Assignment:
Drop every image, then reproduce the data exactly as given.

Recorded data:
==================================================

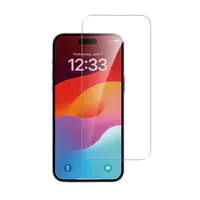 4smarts Second Glass mit Montagerahmen für Apple iPhone 15 Pro Max 540597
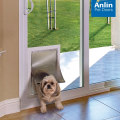 Enhance Your Home with Pet Door Installation by HomeStar in Salt Lake County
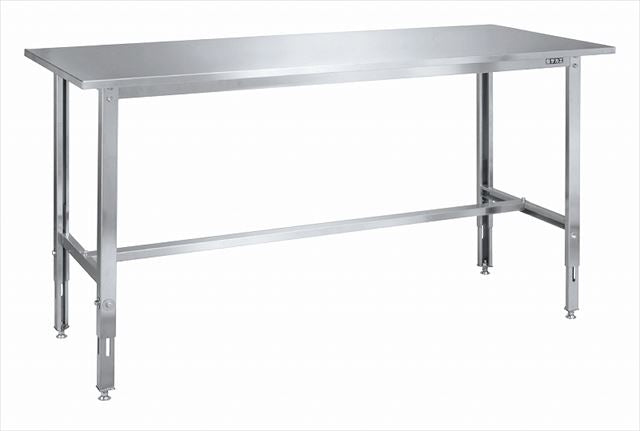 ステンレス高さ調整作業台（ＳＵＳ３０４） SUT3-189LCN 087046 ※法人向け 個人宅配送不可
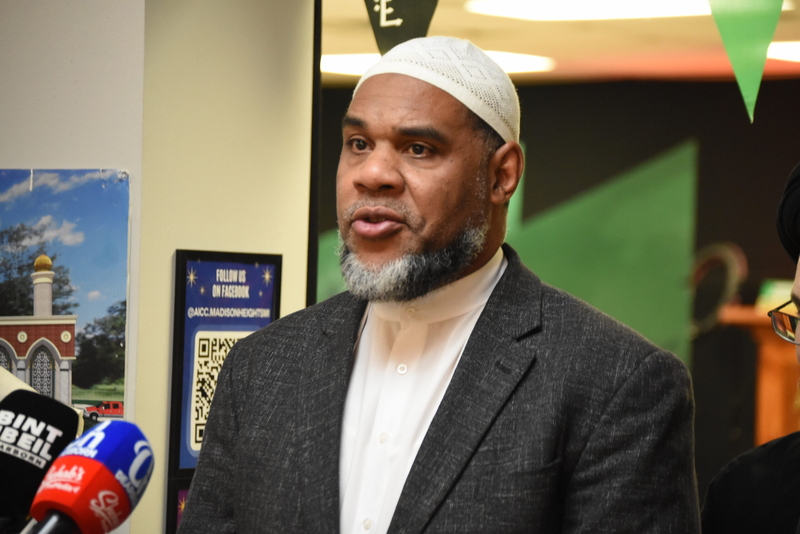 Imams thank local police, county prosecutor for swift action on threats to Madison Heights mosque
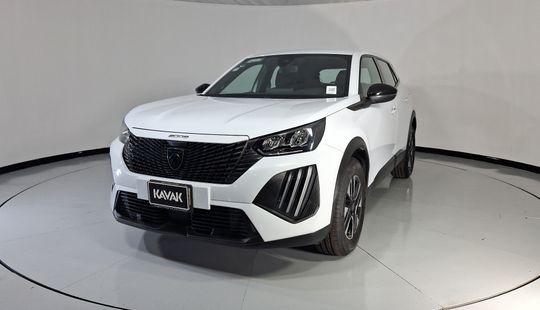 Peugeot • 2008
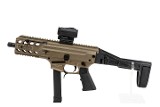 GFORCE ARMS BLADE6 9MM LUGER (9x19 PARA) - 2 of 16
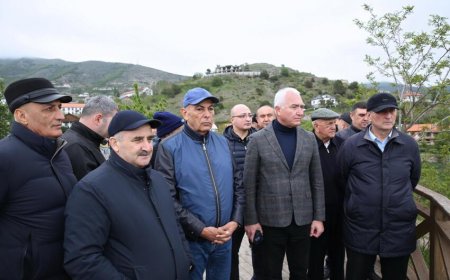 İqtidarla müxalifət arasında ciddi dialoq mərhələsi başlayıb 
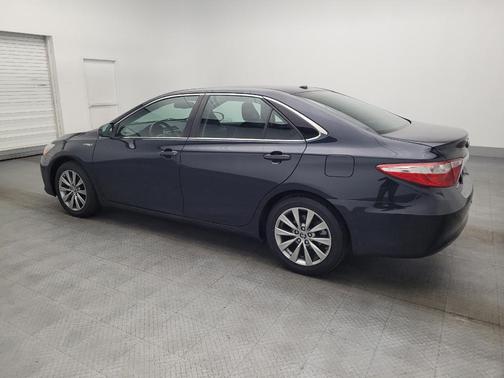 2015 Toyota Camry Hybrid XLE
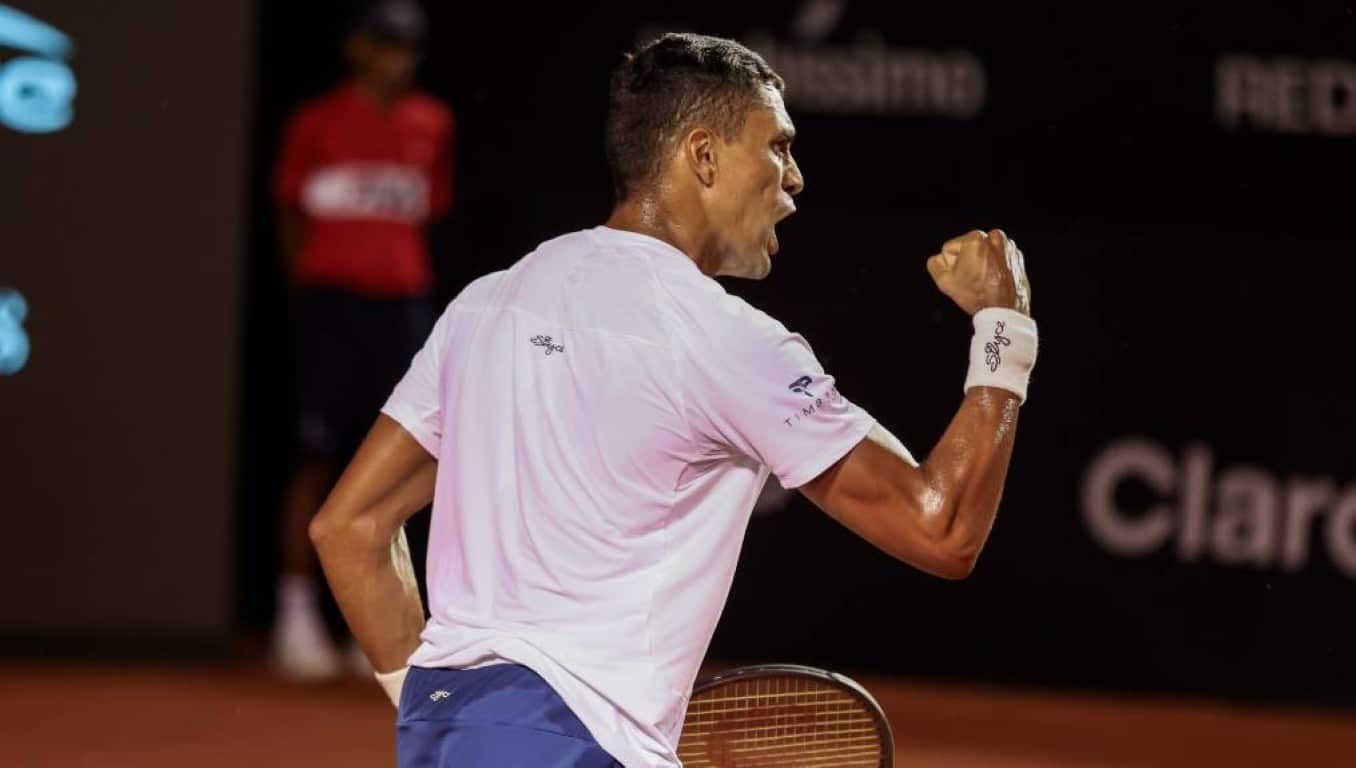 Thiago Monteiro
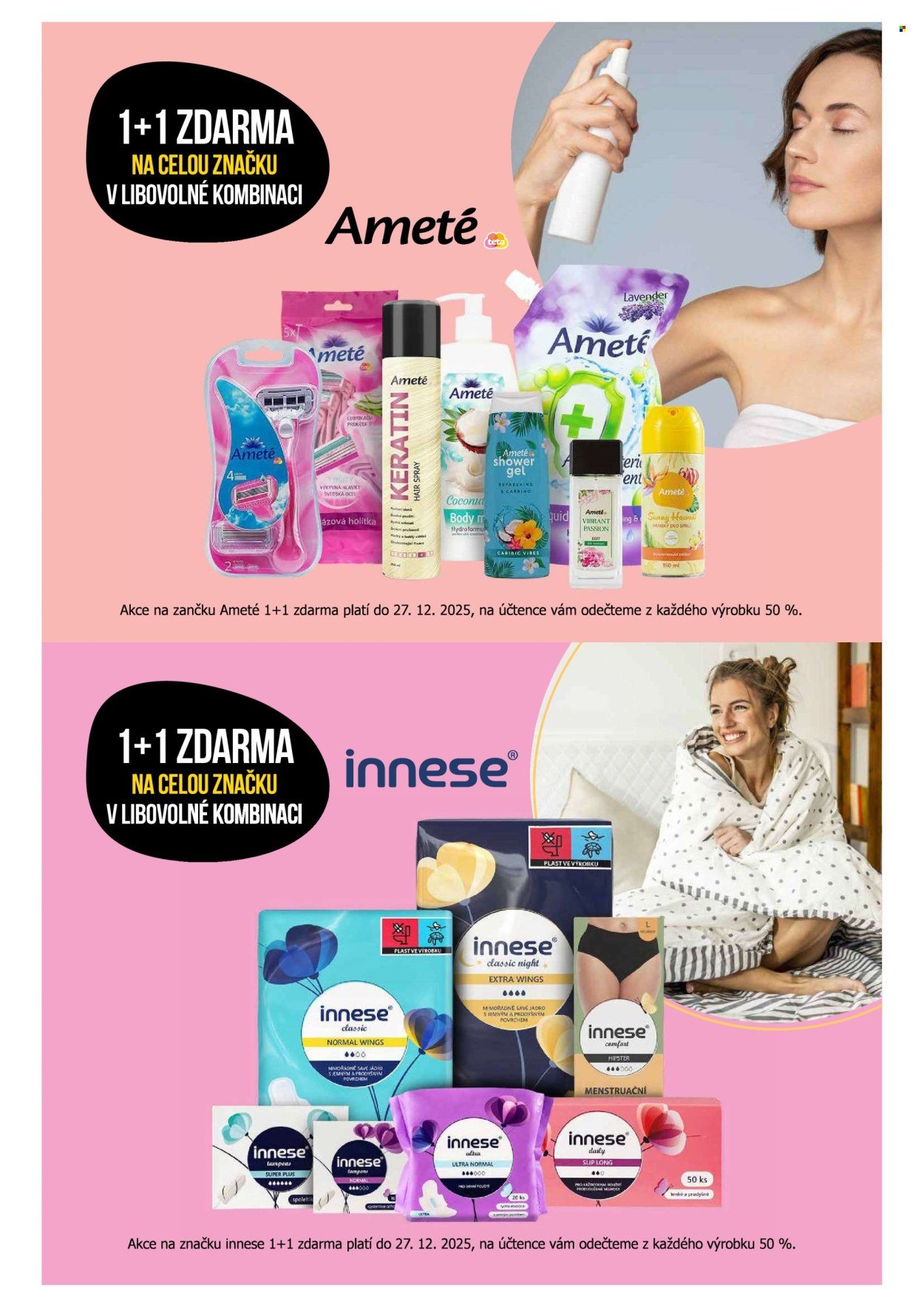 TETA DROGERIE leták - Od čtvrtka 4.12.2025 (2025-12-04 - 2025-12-27)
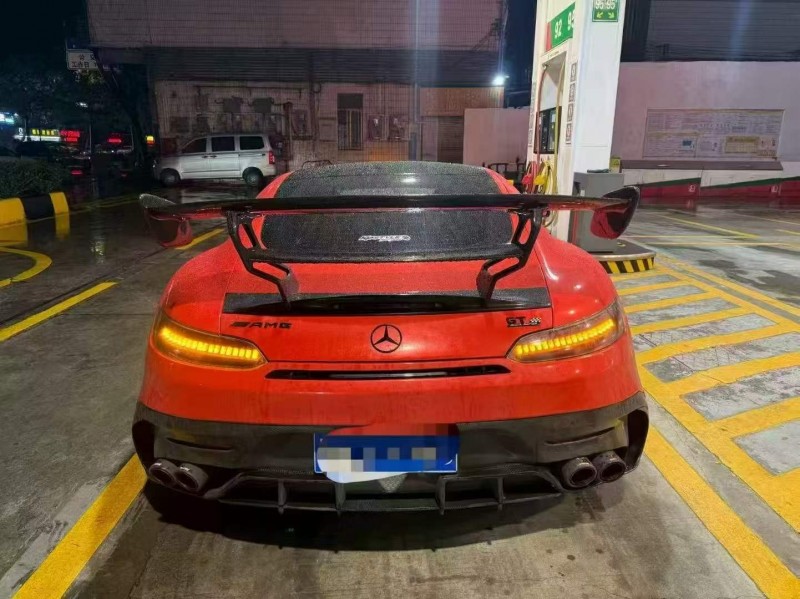 廣州15年奔馳AMG6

==================================================

Task result:
 4smarts Second Glass mit Montagerahmen für Apple iPhone 15 Pro Max 540597
 Enhance Your Home with Pet Door Installation by HomeStar in Salt Lake County
 ステンレス高さ調整作業台（ＳＵＳ３０４） SUT3-189LCN 087046 ※法人向け 個人宅配送不可
 Imams thank local police, county prosecutor for swift action on threats to Madison Heights mosque
 Peugeot • 2008
 GFORCE ARMS BLADE6 9MM LUGER (9x19 PARA) - 2 of 16
 İqtidarla müxalifət arasında ciddi dialoq mərhələsi başlayıb 
 2015 Toyota Camry Hybrid XLE
 Thiago Monteiro
 TETA DROGERIE leták - Od čtvrtka 4.12.2025 (2025-12-04 - 2025-12-27)
 廣州15年奔馳AMG6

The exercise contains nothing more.